§ **Your assignment**:
The full listing, written out exactly and without images, is the expected result.

§ **Data shown**:
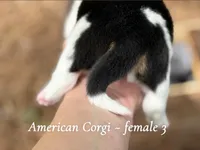 Black Mismark- full tail, a female Pembroke Welsh Corgi for sale in Nashville, AR – Photo 4 of 4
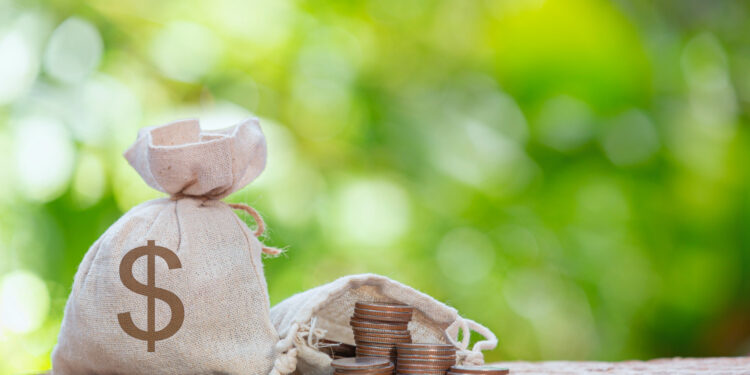 Reprodução: Freepik (jcomp)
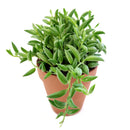 Senecio String of Bananas, easy to care houseplant, houseplant for home and office decoration, succulent plant, indoor succulent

§ **Task solution**:
 Black Mismark- full tail, a female Pembroke Welsh Corgi for sale in Nashville, AR – Photo 4 of 4
 Reprodução: Freepik (jcomp)
 Senecio String of Bananas, easy to care houseplant, houseplant for home and office decoration, succulent plant, indoor succulent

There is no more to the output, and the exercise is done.